Should a driver ever concede a place?


Not my cup of cake
Valued Member
In a bit of editorialising the BBC made the following comment about the battle between Button and Schumacher at the Spanish Grand Prix last weekend:

Button was critical of the German seven-time world champion for not allowing him to pass.

Now Button's comments weren't quite as straight forward as that, I'll let you read the article to see what he actually said:

Anyway, to my point, is it ever legitimate for a driver to expect a "slower" car to let them through or should a car holding a higher place be allowed to do what ever is required (within the rules) to defend a position?
Well these are Button's words and they're quite clear:

"It's almost impossible to overtake around here and he [Schumacher] was moving round quite a bit and making sure I couldn't get past so it's frustrating," said Button.

"The pace of the car was really good, but it doesn't make any difference if you cannot overtake. I was trying so hard to overtake that I damaged my tyres quite badly."

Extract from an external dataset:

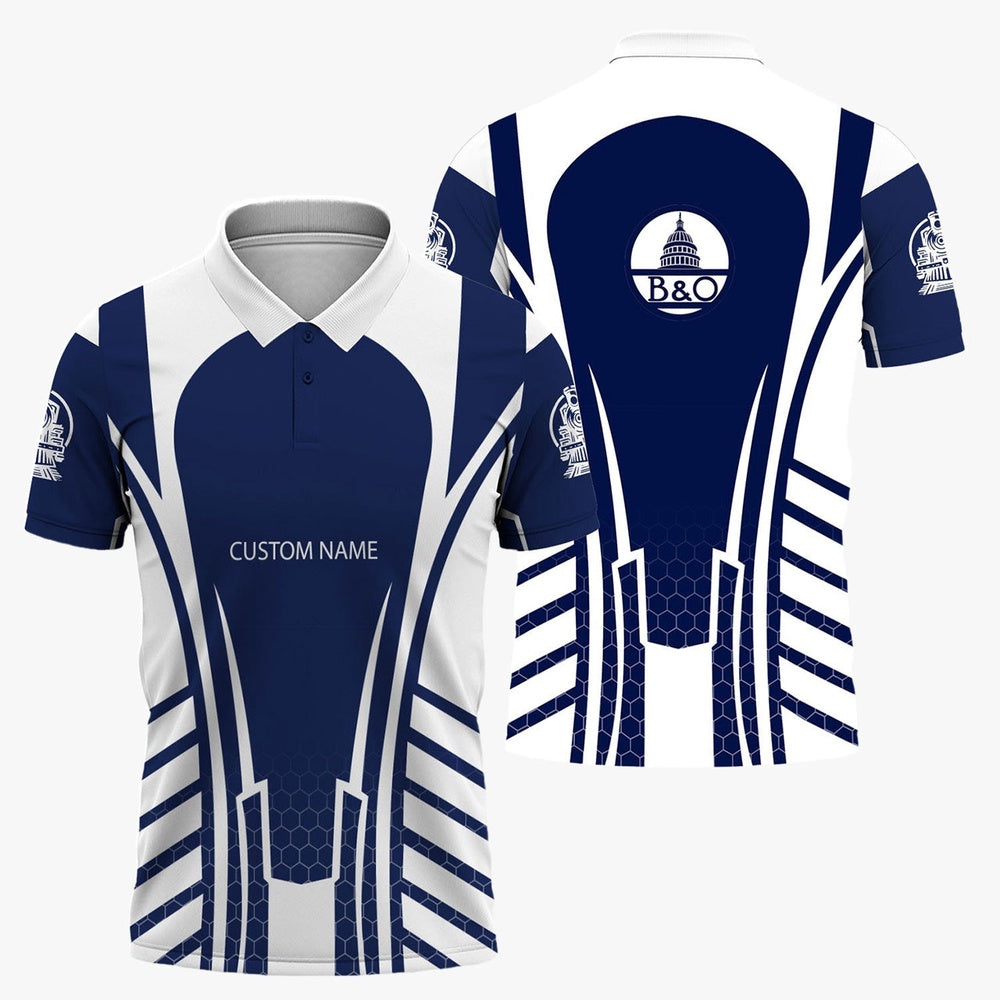 Baltimore and Ohio Railroad Polo Shirt, Striped Railroad Style BAndO Train Polo Shirt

So if I've got this right, he's complaining that Michael made it difficult for him to overtake?
Seriously, the current WDC is complaining that during a race a competitor didn't just pull over to the side of the circuit and wave him past?

I despair sometimes.
I think Button was trying to imply that if he had cucked it up the inside then Schumacher would've quite hapilly had an 'accident' such is the man. To be fair whenever Schumacher defended the inside at turn one it did look as though he'd happily sail into the sidepod of anydone silly enough to dive up the inside...
Jenson was simply explaining that he couldn't pass Schuey, he spoke these words straight after the race and there was no difinitive inference of unfair tactics, or anything other than frustration at having all his attempts blocked. The media has blown his statements out of proportion and quoted him out of context to create something out of nothing. At no point did Jenson imply that he had a right to pass, he was simply explaining that he tried, it was extremely difficult and frustrating.
There are circumstances when it is a good idea to concede a place, as defending a position can be very detrimental to your overall pace. If you are confident that you will not be passed or that if you do lose the position you won't lose any other places then there is no reason to concede track position.

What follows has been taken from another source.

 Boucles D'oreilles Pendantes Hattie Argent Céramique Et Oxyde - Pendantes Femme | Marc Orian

When we had refuelling conceding track position was far more likely as losing time at a particular phase of a race was far more critical.
Thinking about "Buttons frustrations with no-passing" abilities, I just know that Jeremy Clarkson is sitting somewhere and saying "Rubbish, he should have tried harder" LOL

Seriously, I think he should have kept quite. We all know that overtaking is difficult, and the front tyres are narrower, and blah blah blah... I'm getting sick of drivers talking about "losing a tenth" thanks to backmarkers, "tyre managment" and "being unable to get close due to aerodynamics".

I'm starting to agree with Rob Walker who said that "F1 drivers are prima donnas who are never happy".
As I said, Jenson was very matter-of-fact about it, he was asked a question and he answered it. It was the media that decided to put the spin on it, quote it out of context and whine about it.

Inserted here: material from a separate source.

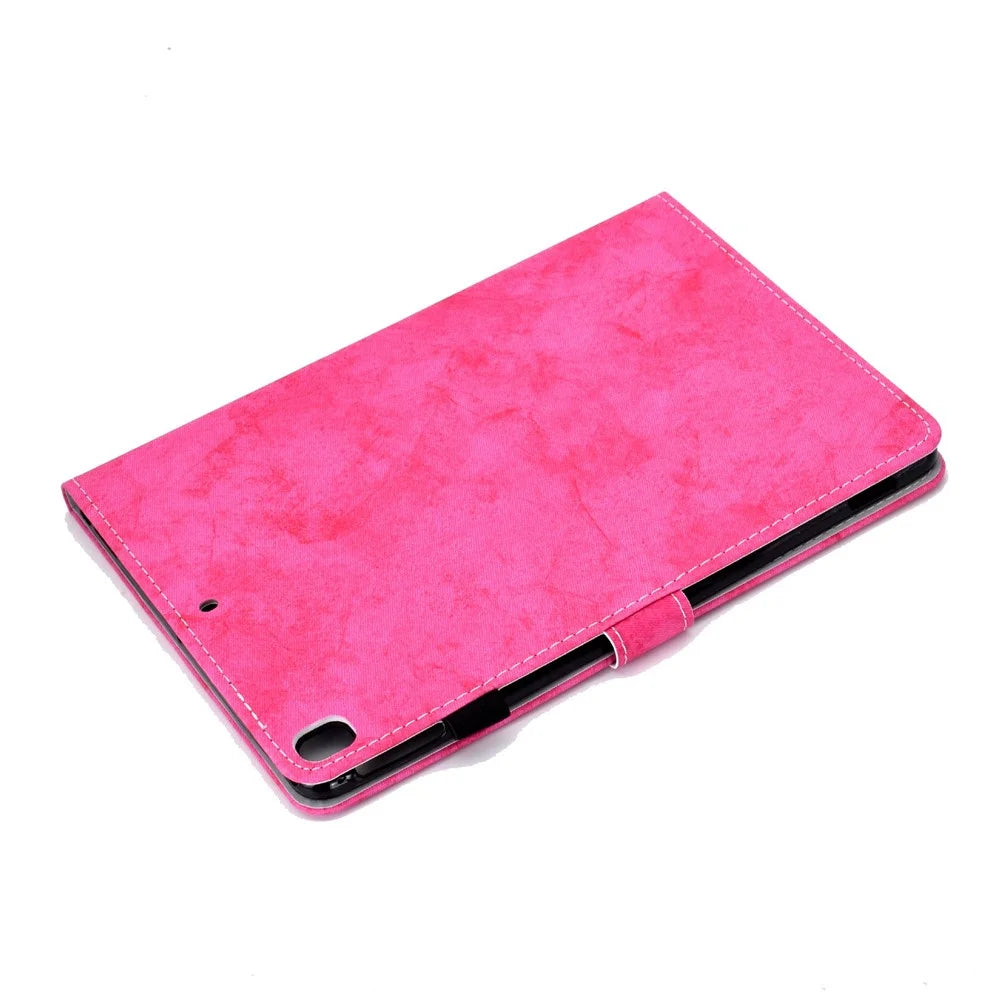 For iPad 10.2 (2019) (2020)  /  iPad Air 10.5 inch (2019) Cloth Texture PU Leather Tablet Cover Card Slots Folio Stand Protection Case with Pen Storage Loop - Rose - 6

You don't want to ally yourself with Rob Walker, he's a galah.
The comments as I saw them didn't imply any slur on Schumacher, quite the reverse, I think they recognised his talent for "having the widest car on the circuit"....

This part of racing is always going to irritate, but should the roles be reversed Jenson would be doing his best to emulate Michael (hopefully a little better than he did in the day when they were reversed)

I would have said that if any inference was being made it was that the circuits did not allow passing easily enough or the rule changes to facilitate passing just hadn't worked, but it was straight after a race, it was a response to a direct question so I don't think there was any sour grapes, merely a comment of the race.
The first time He tried to pass, Shumacher moved twice, which I thought was not suppoed to be allowed, after that, there was no way Jenson would get past as MScould defend everytime and only let Jenson try to go around the outside.. QED..
I was a bit worried this thread might end up in a discussion about the Schumacher/Button incident and that wasn't the point. For example, Lucas Di Grassi at Monaco was in a significantly slower car than Alonso at Monaco but as he was in front he tried to defend the place, Alonso obviously thought Di Grassi should yield. After battling with Di Grassi for a few laps Alonso passed him and then Trulli gave away his place as he (Trulli) thought he should get out of the way - who was right Di Grassi or Trulli?